Il primo appuntamento, “Quel che resta dell’amore”, è per questa sera, mercoledì 29 giugno, alle ore 20,30: presso la Sala Regia del Comune di Viterbo: un incontro che andrà a scandagliare le dinamiche comportamentali e relazionali all’interno della vita di coppia facendo emergerne complessità, limiti, punti di forza nonché proverà a delineare le diverse forme in cui può essere declinata la vita a due.

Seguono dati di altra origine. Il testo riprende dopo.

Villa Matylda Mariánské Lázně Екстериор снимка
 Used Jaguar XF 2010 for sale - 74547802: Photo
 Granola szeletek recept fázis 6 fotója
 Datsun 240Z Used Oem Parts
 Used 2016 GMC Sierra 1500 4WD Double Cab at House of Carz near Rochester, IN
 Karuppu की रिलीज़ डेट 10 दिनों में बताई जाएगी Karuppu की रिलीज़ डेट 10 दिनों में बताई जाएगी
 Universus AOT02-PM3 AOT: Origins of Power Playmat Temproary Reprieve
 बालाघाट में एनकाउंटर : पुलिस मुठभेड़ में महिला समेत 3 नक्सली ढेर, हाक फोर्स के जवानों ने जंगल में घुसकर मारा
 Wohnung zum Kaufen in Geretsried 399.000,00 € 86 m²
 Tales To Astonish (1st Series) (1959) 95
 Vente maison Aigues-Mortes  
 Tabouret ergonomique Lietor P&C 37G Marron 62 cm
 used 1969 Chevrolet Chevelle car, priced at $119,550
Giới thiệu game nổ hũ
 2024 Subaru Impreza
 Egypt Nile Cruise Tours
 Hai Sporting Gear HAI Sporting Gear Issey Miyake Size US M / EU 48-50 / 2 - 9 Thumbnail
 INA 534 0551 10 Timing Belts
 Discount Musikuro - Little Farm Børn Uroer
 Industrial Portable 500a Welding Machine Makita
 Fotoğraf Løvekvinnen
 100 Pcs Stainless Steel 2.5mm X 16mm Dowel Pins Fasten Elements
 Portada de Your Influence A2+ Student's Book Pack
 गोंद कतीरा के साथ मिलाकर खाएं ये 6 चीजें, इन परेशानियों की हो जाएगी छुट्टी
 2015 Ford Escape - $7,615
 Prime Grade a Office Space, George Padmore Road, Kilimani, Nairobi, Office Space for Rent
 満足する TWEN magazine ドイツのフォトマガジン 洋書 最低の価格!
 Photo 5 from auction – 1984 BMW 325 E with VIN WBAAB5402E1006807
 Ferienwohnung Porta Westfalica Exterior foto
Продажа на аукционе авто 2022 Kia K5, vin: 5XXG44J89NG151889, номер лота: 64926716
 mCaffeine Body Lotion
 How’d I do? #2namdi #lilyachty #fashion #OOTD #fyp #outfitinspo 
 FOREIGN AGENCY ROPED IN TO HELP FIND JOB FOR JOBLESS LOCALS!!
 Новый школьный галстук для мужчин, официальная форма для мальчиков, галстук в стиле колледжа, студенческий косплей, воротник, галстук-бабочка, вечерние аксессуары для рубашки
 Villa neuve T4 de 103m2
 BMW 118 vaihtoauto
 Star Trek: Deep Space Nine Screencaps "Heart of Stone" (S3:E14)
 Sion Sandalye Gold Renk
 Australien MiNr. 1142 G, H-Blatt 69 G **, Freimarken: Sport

Il secondo appuntamento, “Oltre la pazzia”, in programma per sabato 2 luglio alle ore 20,30 presso la Sala Regia del Comune di Viterbo affronterà stereotipi e pregiudizi che ruotano intorno alla sofferenza psicologica per tentare di chiarirne meglio i fattori che sono alla base, definendo ruoli e funzioni della psicologia nella società di oggi così da riuscire a fornire ai partecipanti nuovi punti di vista e interessanti spunti di riflessione.
Primo appuntamento stasera presso la Sala Regia del Comune di Viterbo “Cinema & Psicologia: Quel che resta dell’amore”. Non è prevista la prenotazione. E’ previsto il pagamento di un biglietto dal costo di 5 euro.